7. Estamos beneficiándonos de las Escrituras cuando la oración se vuelve un
gozo real y profundo. El mero «decir nuestras oraciones» cada mañana y
noche es una tarea pesada, un deber que debe ser cumplido que nos hace
dar un suspiro de alivio cuando hemos terminado. Pero el presentarnos
realmente ante la presencia de Dios, para contemplar la gloriosa luz de su
faz, para estar en comunión con El en el propiciatorio, es un anticipo de la
bienaventuranza eterna que nos aguarda en el cielo. Quien es bendecido con
esta experiencia dice con el salmista: «El acercarme a Dios es el bien».
(Salmo 73:8.) Sí, bien para el corazón, porque le da paz; bien para la fe,
porque la fortalece; bien para el alma, porque la bendice. Es la falta de esta
comunión del alma con Dios que se halla a la raíz de la falta de respuesta a
nuestras oraciones: «Pon asimismo tu delicia en Jehová, y él te concederá las
peticiones de tu corazón.» (Salmo 37:4.)
¿Qué es lo que, bajo la bendición del Espíritu, produce este gozo en la
oración? Primero, es el deleite del corazón en Dios como el Objeto de la
oración, y particularmente el reconocer y comprender que Dios es nuestro
Padre. Así que, cuando los discípulos pidieron al Señor Jesús que les
enseñara a orar, dijo: «Vosotros, pues, oraréis así: Padre nuestro que estás
en los cielos.» Y luego: «Dios envió a vuestros corazones el Espíritu de su
Hijo, el cual clama: ¡Abba, o sea, Padre!» (Gálatas 4:6), que incluye un
deleite filial, santo en Dios, como los hijos tienen deleite en sus padres
cuando se dirigen con afecto a ellos.
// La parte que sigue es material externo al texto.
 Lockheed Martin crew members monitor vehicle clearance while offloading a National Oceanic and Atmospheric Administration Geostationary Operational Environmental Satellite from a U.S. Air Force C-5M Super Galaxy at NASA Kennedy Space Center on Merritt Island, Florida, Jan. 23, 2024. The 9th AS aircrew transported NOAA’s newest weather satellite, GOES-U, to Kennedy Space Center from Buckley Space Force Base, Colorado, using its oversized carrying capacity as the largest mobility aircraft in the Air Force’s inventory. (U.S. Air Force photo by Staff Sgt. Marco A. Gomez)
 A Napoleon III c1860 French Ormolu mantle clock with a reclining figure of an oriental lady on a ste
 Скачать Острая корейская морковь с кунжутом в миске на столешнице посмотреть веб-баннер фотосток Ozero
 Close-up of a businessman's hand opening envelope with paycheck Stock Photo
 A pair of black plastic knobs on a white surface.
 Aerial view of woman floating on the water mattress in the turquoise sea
Y de nuevo, en Efesios 2:18, se nos dice
para fortalecer la fe y consuelo de nuestros corazones: «Porque por medio de
él los unos y los otros tenemos acceso por un mismo Espíritu al Padre.» ¡Qué
paz, qué seguridad, qué libertad da esto al alma: saber que nos acercamos a
nuestro Padre!
Segundo. El gozo en la oración es incrementado porque el corazón capta el
alma y contempla a Dios en el trono de gracia: una vista o perspectiva, no
por imaginación de la carne, sino por iluminación espiritual, porque es por fe
que «vemos al Invisible» (Hebreos 11:27); la fe es «la evidencia de las cosas
que no se ven» (Hebreos 11: l), hace evidente y presente su objeto propio a
los ojos de los que creen. Esta visión de Dios en su «trono» tiene que
conmover el alma. Por tanto se nos exhorta: «Acerquémonos, pues,
confiadamente al trono de la gracia, para alcanzar misericordia y hallar
gracia para el oportuno socorro» (Hebreos 4:16).
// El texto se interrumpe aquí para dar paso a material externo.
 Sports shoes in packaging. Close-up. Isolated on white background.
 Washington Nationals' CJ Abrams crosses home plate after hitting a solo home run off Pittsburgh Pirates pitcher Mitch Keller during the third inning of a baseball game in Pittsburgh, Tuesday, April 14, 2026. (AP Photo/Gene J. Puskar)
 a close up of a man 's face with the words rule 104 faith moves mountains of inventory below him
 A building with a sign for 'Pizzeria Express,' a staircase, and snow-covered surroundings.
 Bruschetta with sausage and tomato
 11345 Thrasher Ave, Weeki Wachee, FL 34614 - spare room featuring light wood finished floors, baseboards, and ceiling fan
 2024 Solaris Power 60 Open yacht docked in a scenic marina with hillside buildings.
Tercero. Del versículo anterior sacamos también que la libertad y el deleite
en la oración son estimulados por ver que, Dios, por medio de Jesucristo,
está dispuesto a dispensarnos gracia y misericordia a los pecadores
suplicantes. No tenemos que vencer ninguna resistencia suya. Dios está más
dispuesto a dar que nosotros a recibir. Así se le presenta en Isaías 30:18:
«Con todo esto, Jehová aguardará para otorgaros su gracia.» Sí, Dios
aguardará a que le busquemos; aguardará a que los fieles echen mano de su
disposición para bendecir. Su oído está siempre atento al clamor del justo.
Por tanto «acerquémonos con corazón sincero, en plena certidumbre de fe»
(Hebreos 10:22); «sean presentadas vuestras peticiones delante de Dios,
mediante oración y ruego con acción de gracias y la paz de Dios, que
sobrepasa a todo entendimiento, guardará vuestros corazones y vuestros
pensamientos en Cristo Jesús» (Filipenses 4:6, 7).